The Bug Is Probably in This File

At the [un]prompted AI security conference in early March, Anthropic research scientist Nicholas Carlini showed a demo that got uncomfortable quickly. He pointed Claude Opus 4.6 at Linux kernel source files and asked it — framed as a capture-the-flag challenge — to find exploitable vulnerabilities. It found one. Then another. The script looped over every file in the tree so the model wouldn’t circle back to the same bug, and by the end Carlini had a queue of several hundred candidate crashes.

Michael Lynch’s write-up from April 3 gives the clearest account of what the model actually found. The headline bug is in the NFSv4.0 LOCK replay cache in fs/nfsd/. When a server denies a lock request, it generates a response and caches it for idempotency. The buffer it allocates is 112 bytes. The NFS protocol permits owner IDs up to 1024 bytes. An attacker controlling two cooperating NFS clients can provoke a response that writes well past the end of that buffer — reading or corrupting kernel memory over the network without any local access. The commit that introduced the flaw landed in March 2003, predating Git by two years. It had survived more than two decades of kernel audits, Coverity scans, and fuzzing campaigns.

That’s not an isolated case. Carlini reported five confirmed patches from this exercise: nfsd heap overflow, an io_uring/fdinfo out-of-bounds read in the SQE_MIXED wrap check, and fixes in futex, ksmbd, and a signedness issue. Beyond Linux, Claude developed a working remote root exploit in FreeBSD from scratch — reportedly the first remote kernel exploit both discovered and weaponized by an AI. Total wall-clock time: around eight hours.

The quote from Carlini that keeps circulating is this: “I have never found one of these in my life before. This is very, very, very hard to do. With these language models, I have a bunch.” He is not a novice. He has published extensively on adversarial ML and security. The point is that heap buffer overflows in production C code require holding a lot of implicit protocol knowledge and memory-model reasoning in mind simultaneously — exactly the kind of structured reasoning that LLMs have gotten much better at over the last year.

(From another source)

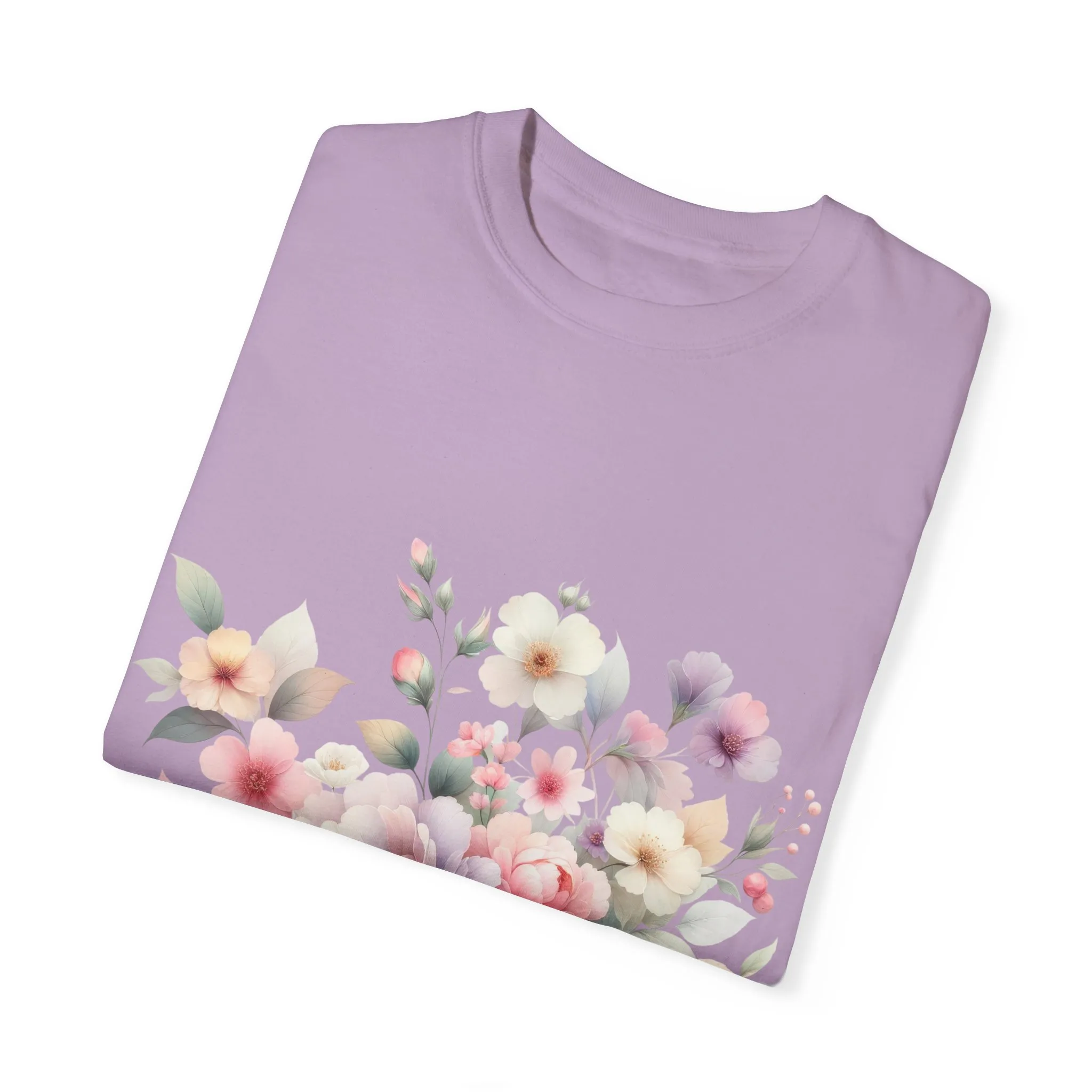 Floral Bliss Women's Garment-Dyed T-Shirt – Perfect for Spring Celebrations and Everyday Wear - Image 50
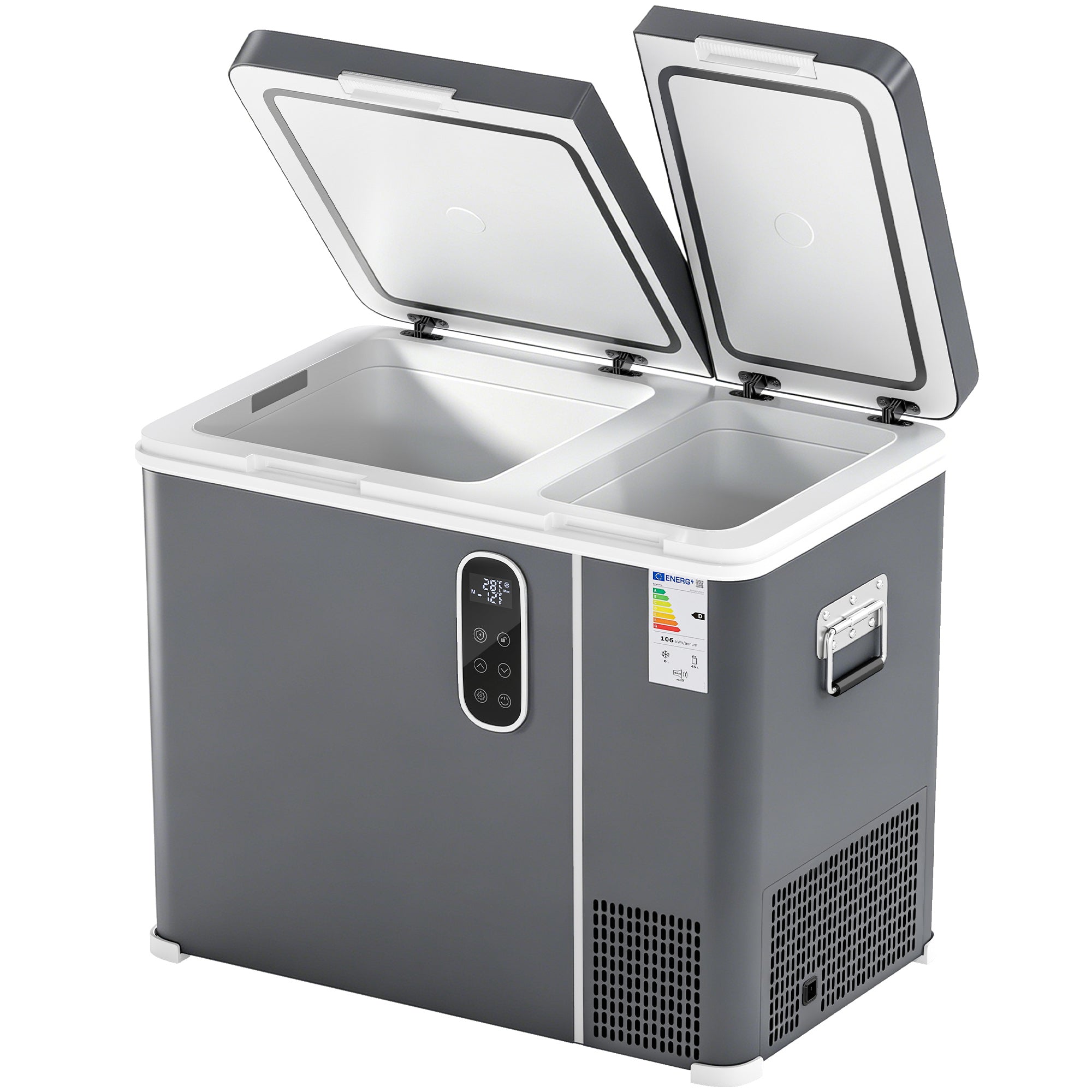 Outsunny 55L Compressor Car Fridge Freezer, Dual Zone Camping Refrigerator with App Control, Grey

The methodology itself is almost insulting in its simplicity. There’s no symbolic execution, no taint analysis, no fuzzing harness. Carlini wrote a shell script that feeds source files to Claude one by one, tells it the bug is “probably in this file,” and asks for an exploitable vulnerability. The CTF framing helps: models apparently produce more focused output when given a game-theoretic goal rather than an open-ended audit request. The only real engineering was the loop to prevent redundant findings.

What makes this qualitatively different from prior AI security work is the current model generation. Carlini compared Claude Opus 4.6 to earlier models in the same family and found substantially fewer confirmed vulnerabilities from the older checkpoints. This matches a pattern visible elsewhere: model capability in open-ended reasoning tasks seems to have crossed some threshold in the last two model generations, and closed-ended benchmarks didn’t fully predict it.

The uncomfortable implication is the bottleneck question. Carlini said he has “several hundred crashes” that haven’t been validated yet — not because the AI stopped finding bugs, but because a human has to verify each one before it can be reported or patched. In the HN discussion, mtlynch noted a false positive rate “well below 20%” for Claude Opus 4.6, and there’s apparently a second LLM pass that filters findings by trying to reproduce the crash, achieving close to 100% precision before the finding reaches a human. Even so, the discovery rate now exceeds the capacity to act on it. That’s a structurally new situation. The usual assumption in vulnerability research is that finding bugs is the hard part; triage and remediation are slow but manageable. If the finding step becomes nearly free and the queue grows unboundedly, the responsible disclosure process doesn’t have a clear steady state.

There’s an obvious dual-use dimension here. The same methodology that surfaces 23-year-old NFS bugs for patching can surface them for exploitation. Carlini works at Anthropic, which has been fairly forward about the dual-use risk in its Frontier Red Team research on autonomous vulnerability discovery. But a conference talk and a patch series are public; the script is not complicated; and the model is commercially available. The window between “researchers demonstrate this is possible” and “adversaries are running it at scale” is shorter every cycle.

A year from now, the question probably won’t be whether AI can find kernel bugs. It will be whether the kernel community’s review bandwidth has kept up.